Far from being repelled by the fantastic elements in Revelation, modern African scholars find the book startlingly familiar, with images such as that of the lamb, the throne and the blood of the innocent crying out for justice in time of persecution. James is appealing because of its use of traditional Wisdom themes and its profound sense of the fragility of life. Across Africa and Asia, poor believers resonate easily with the teaching that life is a vapor, a mist that rises and fades away. Even the seemingly slight book of Jude offers a stirring call to action among second-generation believers who are tempted to compromise with the surrounding culture and its pagan religions—a situation as threatening in Africa in 2011 as it was in the Mediterranean world around 100 AD.
The epistle to the Hebrews is a rich exercise in theology that actually has deep roots in African soil. Written no later than the third century, Hebrews was cherished in the Roman churches of Carthage and North Africa, where believers credited it to Paul's associate Barnabas. Some modern African thinkers find special treasures in Hebrews to the point that the brilliant Ghanaian theologian Kwame Bediako (who died in 2008) praised it as "OUR Epistle"—that is, Africa's.
Bediako's intellectual credentials gave special weight to an evaluation that might puzzle Westerners. Although he drew on both English and French cultural sources, he wanted above all to formulate a distinctively African theology. Just as such ancient pioneers as Justin Martyr and Clement of Alexandria rooted the faith in the Hellenistic and Roman cultures of their day, so Bediako strove to establish a firmly African context for the surging African Christianity of the late 20th century.
For Bediako, Hebrews was significant because of its elaborate discussion of blood sacrifice and its relationship to the Christian proclamation. Hebrews assumes deep knowledge of the Jewish
temple ritual, and its author knows a great deal about the practical minutiae of sacrificial rituals: he knows, for example, that sacrificial blood is not just shed, it is sprinkled. His core message, though, is that these sacrifices have been superseded by the once-and-for-all sacrifice of Christ. Christ, the ultimate high priest, is the culmination and conclusion of all sacrifices.
As the temple cult ceased after the Romans conquered Jerusalem in 70 AD, those arguments became less significant to later believers, and modern audiences often find concepts of sacrifice and atonement irrelevant or even shocking. At best, they are of archaeological interest.
That dismissive Western attitude contrasts sharply with the perspective in Africa, where the idea of blood sacrifice is deeply entrenched and is the backdrop to any Christian theological debates over atonement and justification. Bediako wrote in a society with a "deep tradition of sacrifice, priestly mediation and ancestral function." In Ghana, the turning points of the year were marked by the purification ritual of the Odwira, with its attendant sacrifices.
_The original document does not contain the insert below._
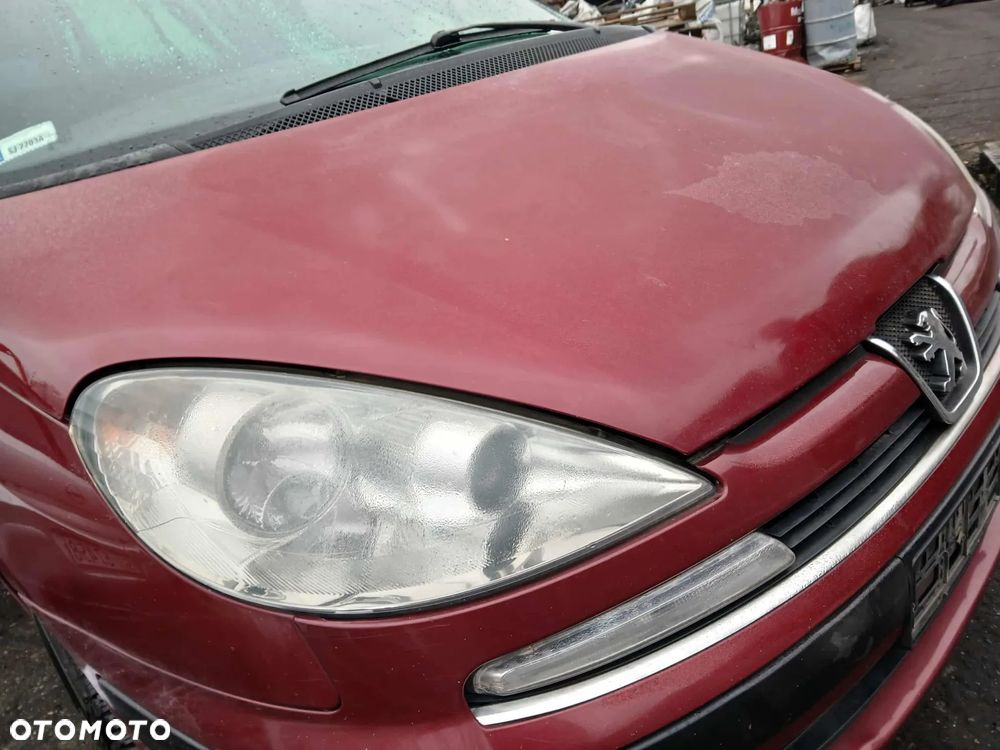 Peugeot 807 Lampa przednia lewa, prawa - 2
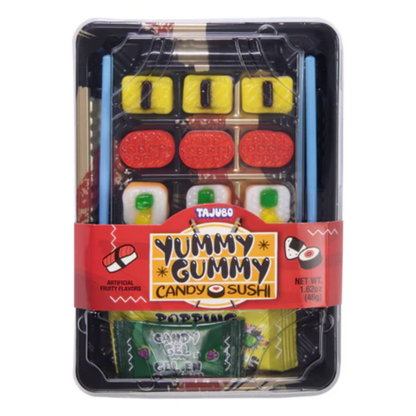 Tajubo Sushi Gummy 1.62oz 10ct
Now, though, Christians have proclaimed that these rites are obsolete. As Bediako wrote, they "have in fact been fulfilled and transcended by the one, perfect Odwira that Jesus Christ has performed once for all. . . . The Odwira to end all Odwiras has taken place through the death of Jesus Christ."
Hebrews thus becomes a decisive weapon for African Christians who are appalled by the idea that importing blood sacrifice into the churches would represent a valuable form of inculturation. The book is a manifesto warning against the slightest concession to syncretism. Amazing as it might seem to Europeans in Luther's time or afterward, Hebrews still speaks today.